This paper examines the fractal dynamics of heart rate (HR) and mean arterial blood pressure (MAP) in a small cohort of patients undergoing open aortic aneurysm repair. Patients undergoing open abdominal aortic aneurysm repair are subjected to a complex array of surgical and anesthetic perturbations that may overlap temporally and that are complicated to disentangle. Fractal behavior was characterized using a multifractal analysis technique. The application of these techniques to the acutely unstable patient has not previously been undertaken, neither has it been applied to the study of blood pressure physiology.

This study focused on the effect of intraoperative vasoconstrictor boluses on multifractal dynamics. Within this model, the periods before vasoconstrictor administration represent episodes of clinically significant intraoperative hypotension where homeokinetic systems should be maximally active and fluctuation behavior should be particularly complex. Comparison with the behavior immediately after vasoconstriction allows the effect of pharmacological normalization of blood pressure on system dynamical behavior to be studied.

Hemodynamic observational data from four nondiabetic patients undergoing elective open infrarenal aortic aneurysm repair and recruited under a previous study were retrospectively analyzed.
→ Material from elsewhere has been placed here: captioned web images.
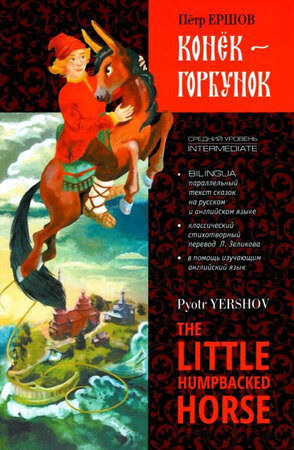 ЧтениеСУпр_Англ.яз. Yershov P. The little humpbacked horse (Ершов.П.П. Конек-Горбунок) [адаптир.]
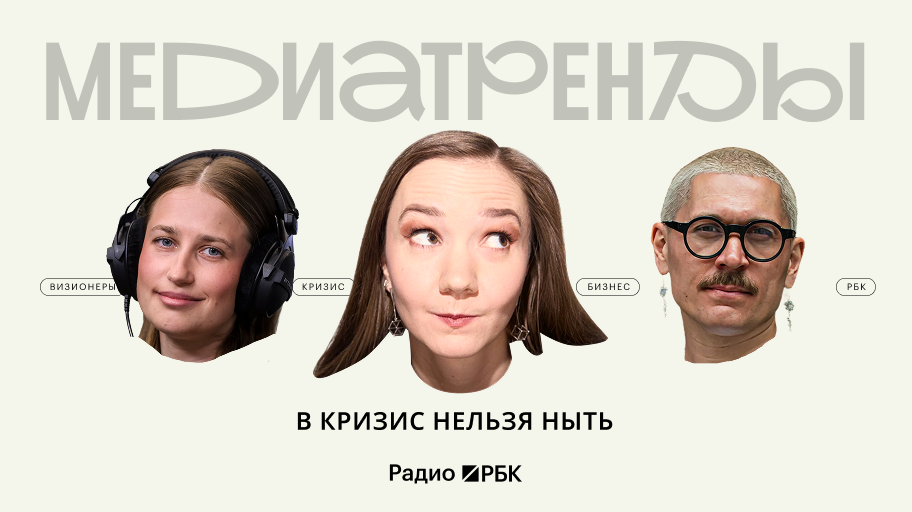 Инфо-блок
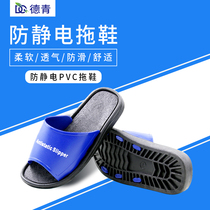 Anti-static slippers pvc material factory shoes Electrostatic protection slippers dust shoes electrostatic shoes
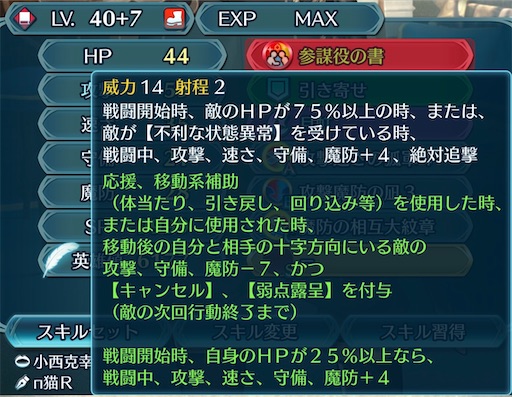 f:id:Ad_sakutaro:20251106184210j:image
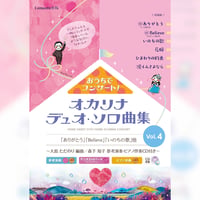 おうちでコンサート！オカリナデュオ・ソロ曲集　Vol.4　～大島ただのり 編曲 / 森下知子 参考演奏・ピアノ伴奏CD付き～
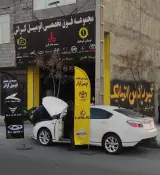 تعمیرگاه فوق تخصصی مرآتی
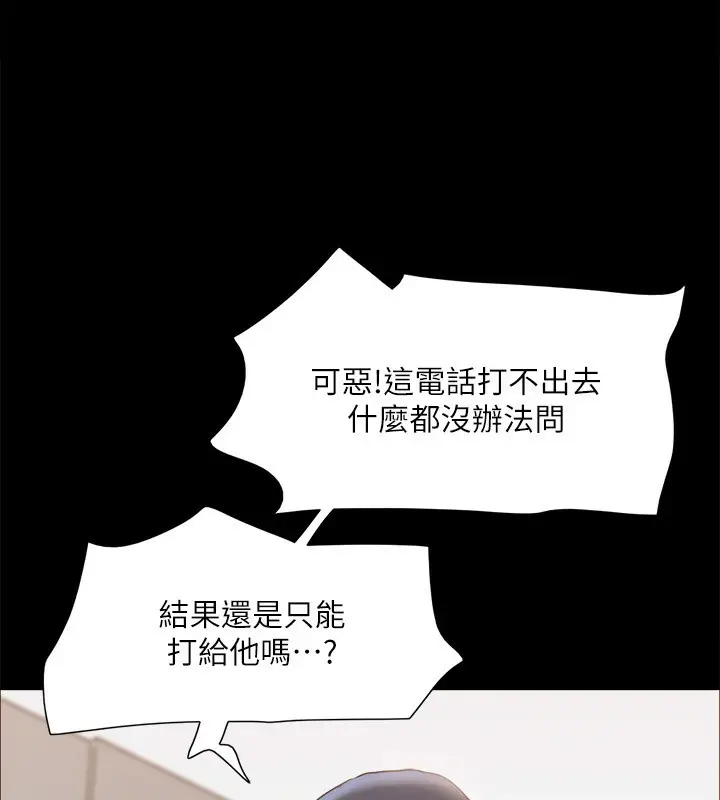 《协议换爱》第147话图27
The previous aneurysm study recruited a total of seven patients; three patients were excluded because it was impossible to extract blocks of hemodynamic data of sufficient length for analysis. Appropriate ethical review board approval for further analysis of the original, fully anonymous data were obtained (05/Q0108/470; Cambridge Central Research Ethics Committee, Cambridge, United Kingdom). Patients enrolled in the original study underwent written informed consent; further consent was not required for the study extension. A summary of patient demographics is presented in table 1.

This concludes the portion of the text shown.